1996 Frank Archibald Memorial Lecture

Education and Social Justice

"I want to provide you with my view as an Aboriginal person, a perspective based on social justice, about the process of reconciliation. I want to go to the heart of what I believe the issues are that Australia and Australians must address if Australia is ever going to deal with the legacy of its past. If this legacy is not addressed, if the gulf that has created a society of inequity, of them and us, is not faced fully and honestly, then we will forever remain a diminished nation. A nation that puts its head in the sand and says it's someone else's responsibility.

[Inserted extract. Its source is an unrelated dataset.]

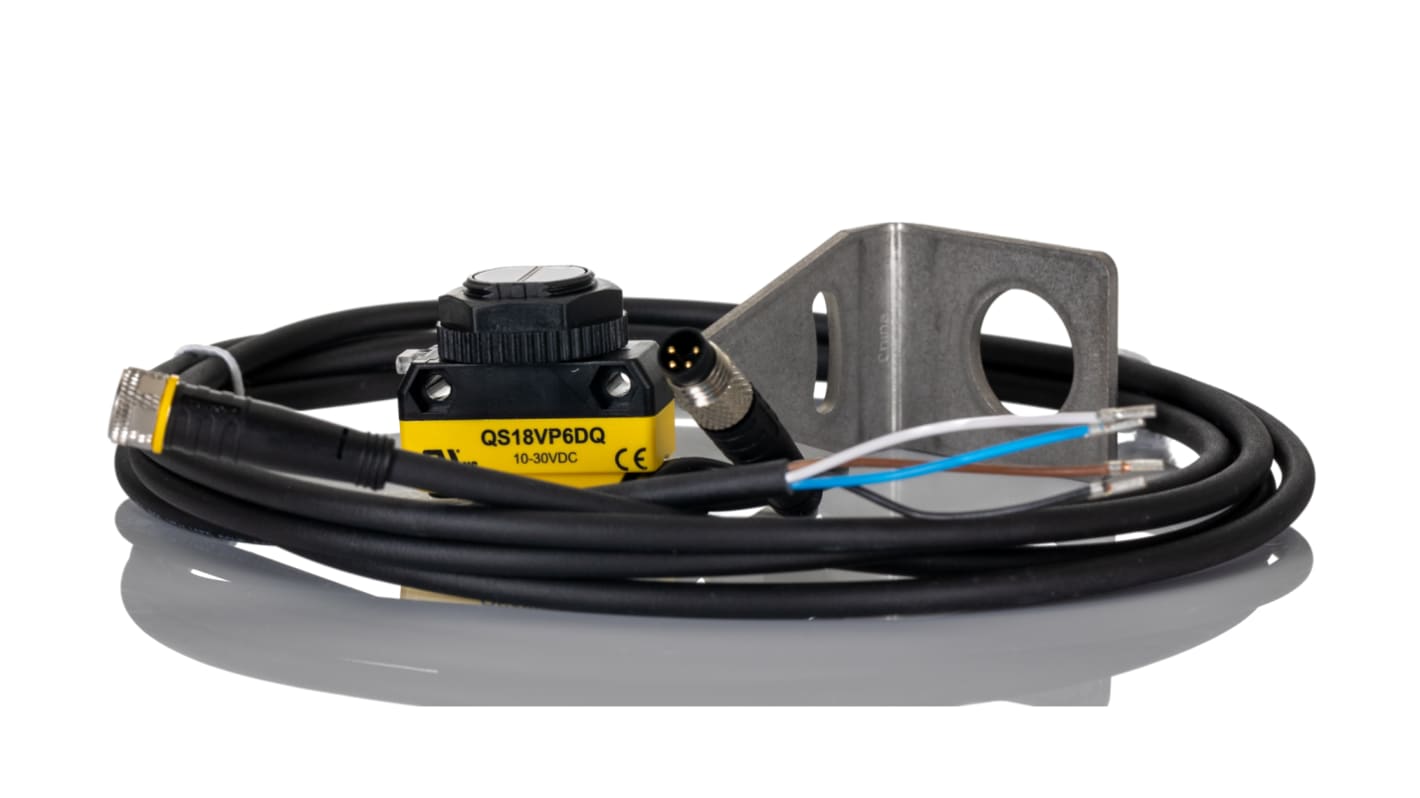 Sensore fotoelettrico rettangolare Banner QS18VP6D, rilevamento 450 mm, uscita PNP, IP67, alimentazione 10-30 V c.c.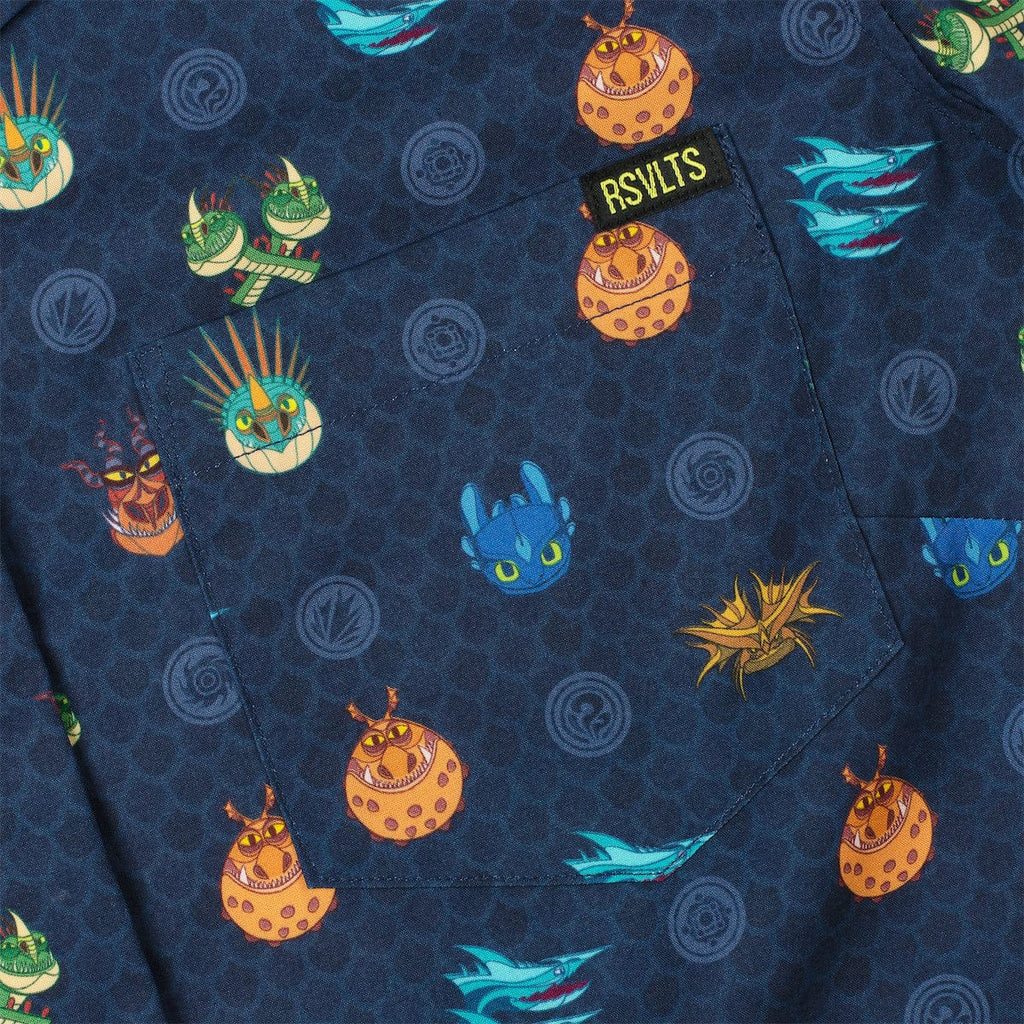 RSVLTS Fiery Faces Women's KUNUFLEX Short Sleeve Shirt in Blue — detail 7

Identity is where we need to start. Australians need to begin to understand Aboriginality, to at last appreciate what being Aboriginal means. This is an understanding I wish I could magically endow into the hearts and minds of all people in Australia.

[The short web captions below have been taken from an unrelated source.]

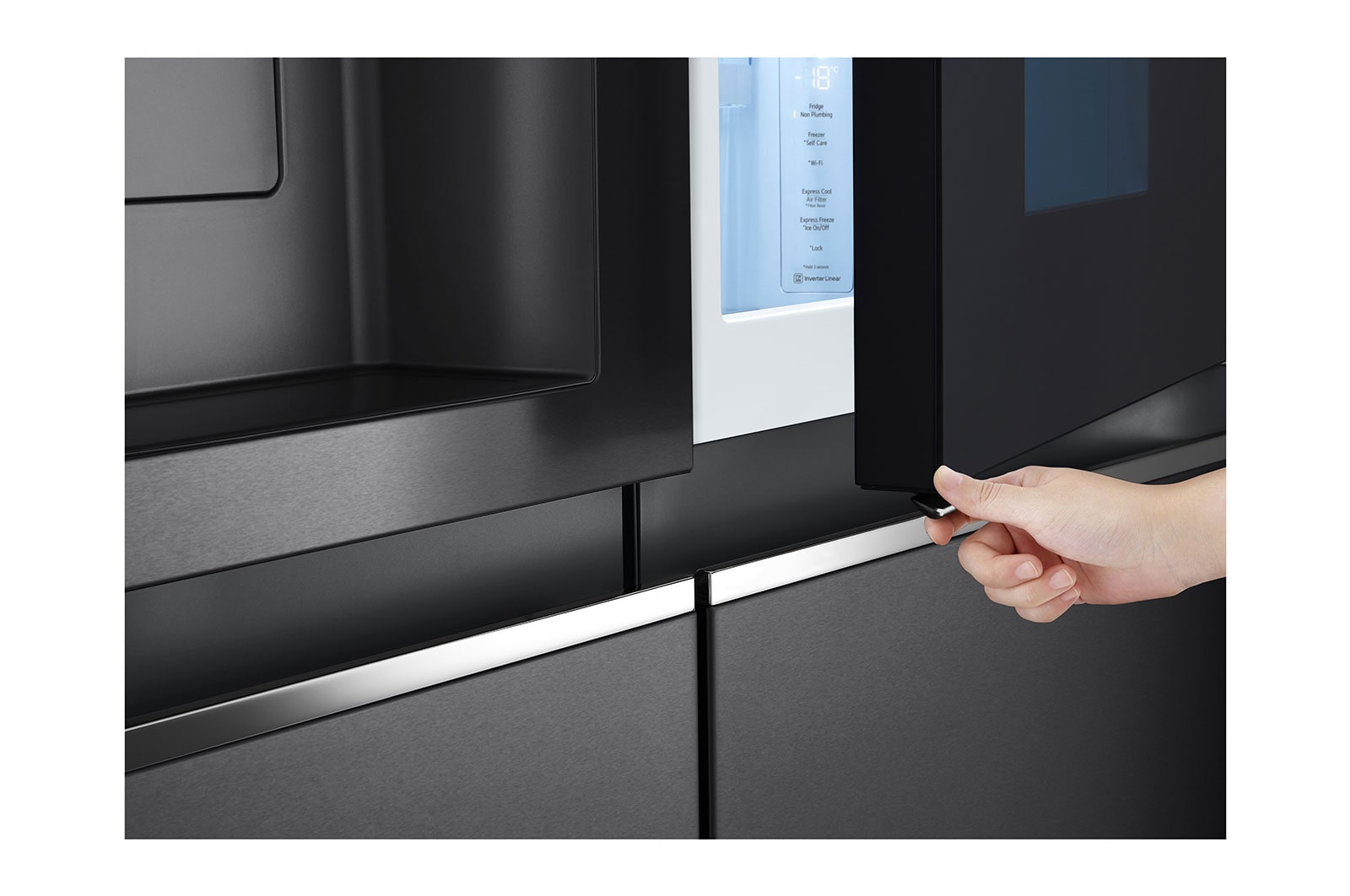LG 635L Side-by-Side Refrigerator, InstaView Door-in-Door?, Matte Black Finish, 3 Star, GL-X257AMCX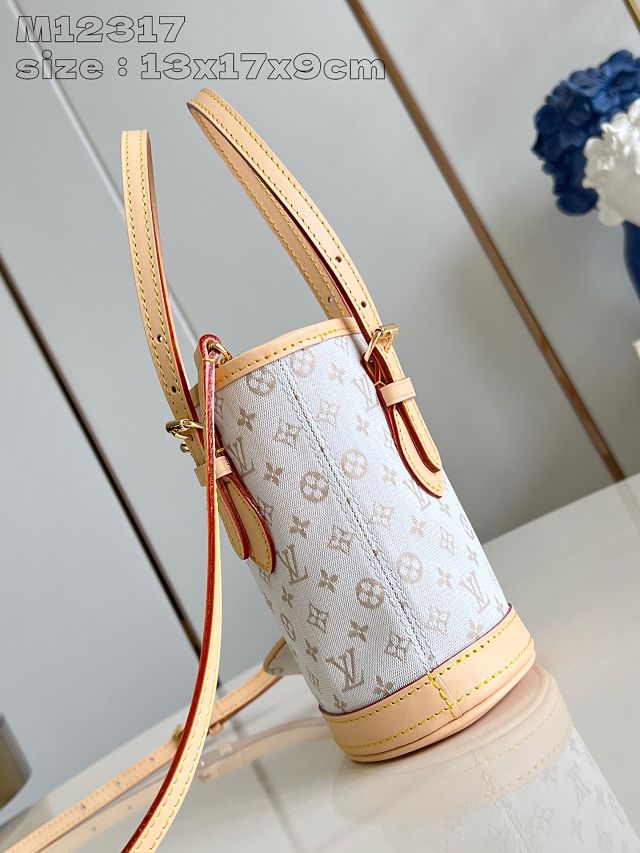 Louis vuitton original monogram canvas nano bucket M12317 white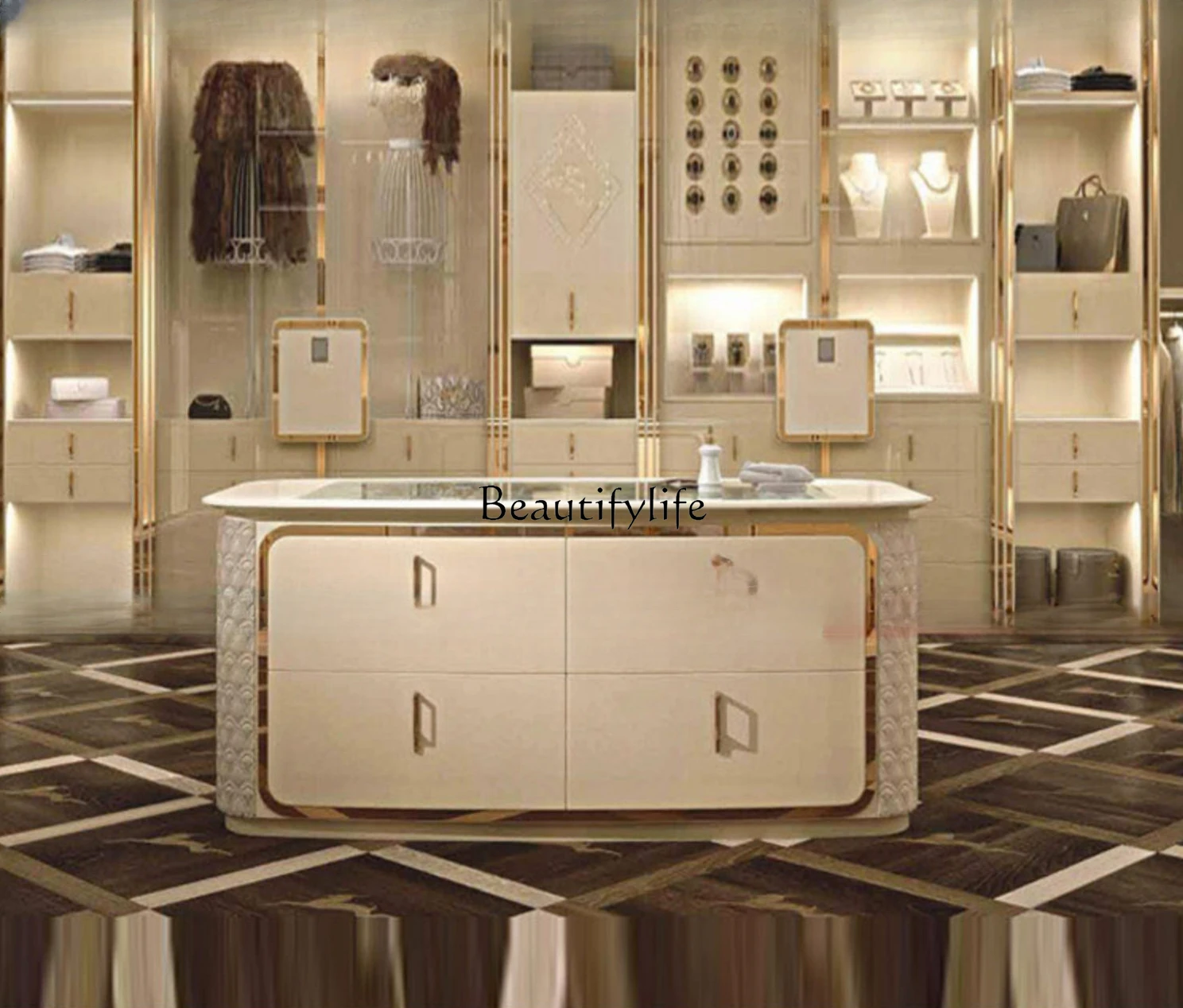 

Nakajima Cabinet New Style White Light Luxury Jewelry Solid Wood Nakajima Table Cloakroom Customization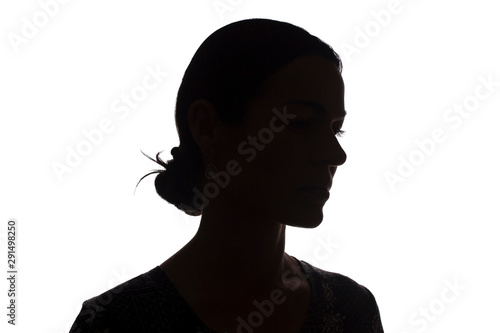 Fotografía Silhouette young girl side view with hairstyle - isolated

I would like to share with you a very personal experience, as personal as it is probably universal for Indigenous people right across the planet."

Full Lecture Notes

Linda Burney

President, NSW Aboriginal Education Consultative Group

Linda BurneyLinda Burney is of Wiradjuri and Scottish descent and grew up in Whitton, a small town in south-west NSW near Leeton. Burney attended the local primary school in Whitton. She did her first four years of secondary school at Leeton High School and final two at Penrith High School. She was the first Aboriginal graduate from the Mitchell College of Advanced Education where she obtained a Diploma of Teaching.

She began her career teaching at Lethbridge Park public school in western Sydney in 1979. She has been involved in the New South Wales Aboriginal Education Consultative Group since the mid-1980s and has participated in the development and implementation of the first Aboriginal education policy in Australia.

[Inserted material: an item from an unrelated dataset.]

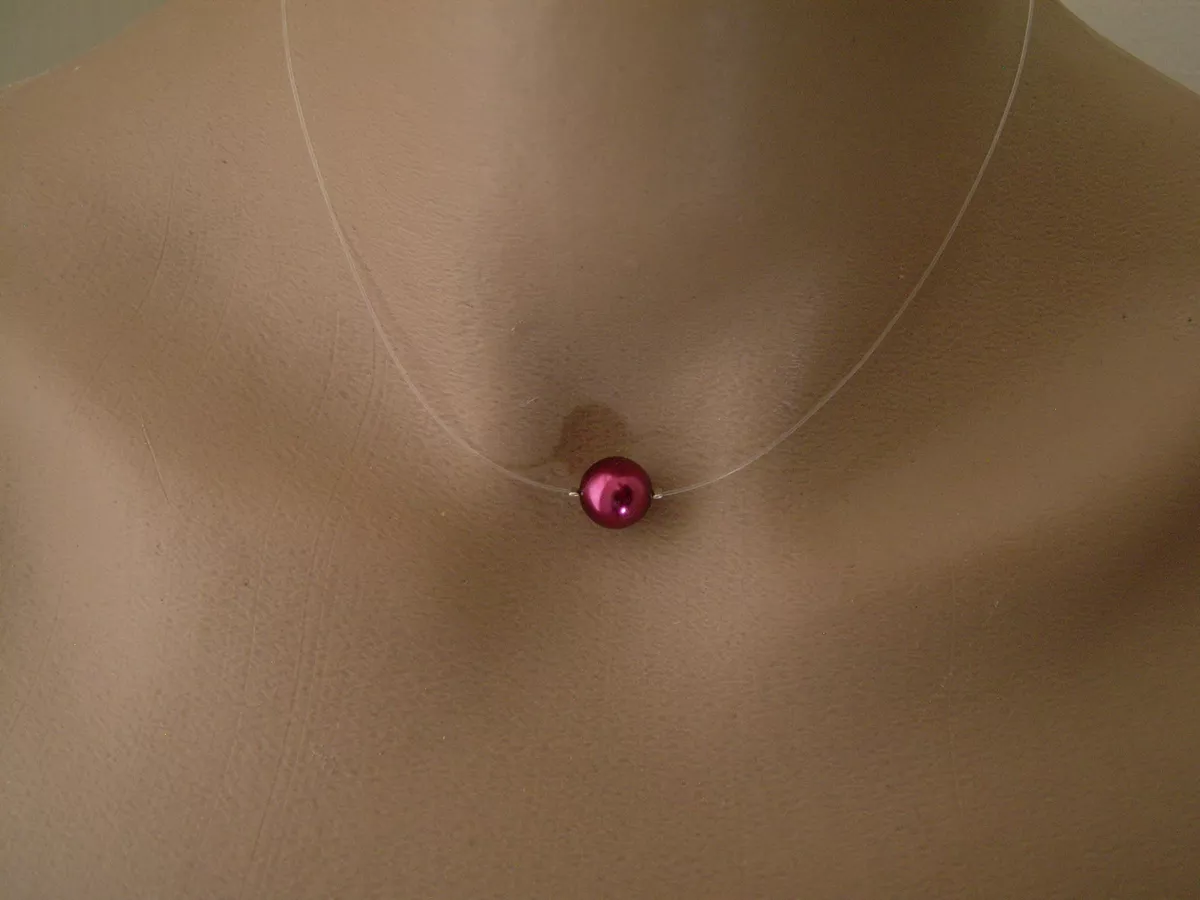 Collier Rouge Bordeaux p robe de Mari e Mariage Soir e perle de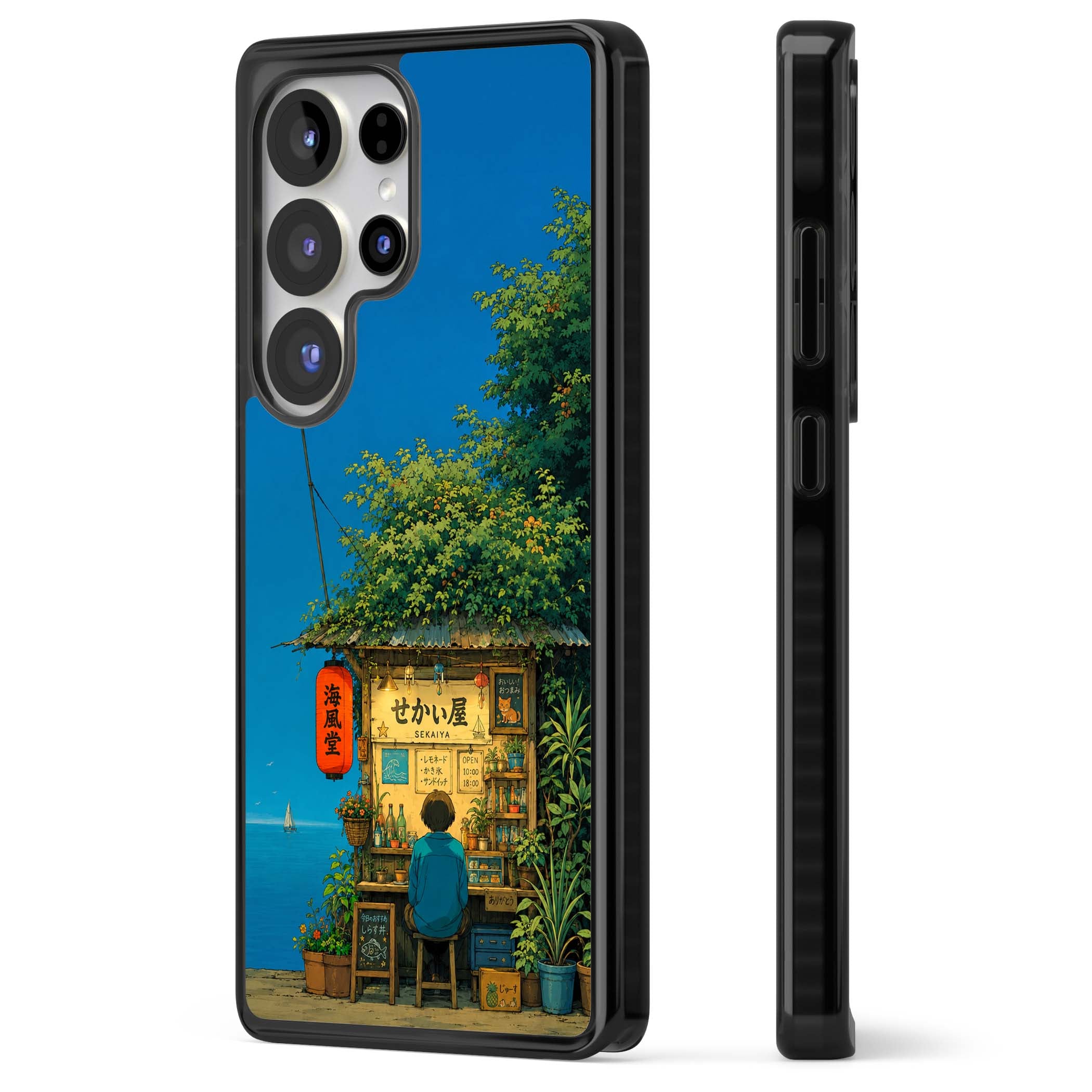 The Shirahama Kiosk anime iPhone case featuring a Japanese seaside shop, red paper lantern and ocean view | Black Impact case for Samsung Galaxy S25 Ultra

She has held senior positions in the non-government sector, serving on a number of boards including SBS, the NSW Anti-Discrimination Board and the NSW Board of Studies. Burney was an executive member of the National Council for Aboriginal Reconciliation, President of the NSW Aboriginal Education Consultative Group and is a former Director-General of the NSW Department of Aboriginal Affairs, and in 2006 she was elected National Vice President of the Australian Labor Party.

When Burney was elected as the Member for Canterbury in 2003, she became the first Aboriginal person to serve in the NSW Parliamen where she held numerous portfolios. In 2016, Burney won the Fedral seat of Barton, becoming the first indigenous woman to be elected to the Australian House of Representatives. On 22 July, she was appointed Shadow Minister for Human Services.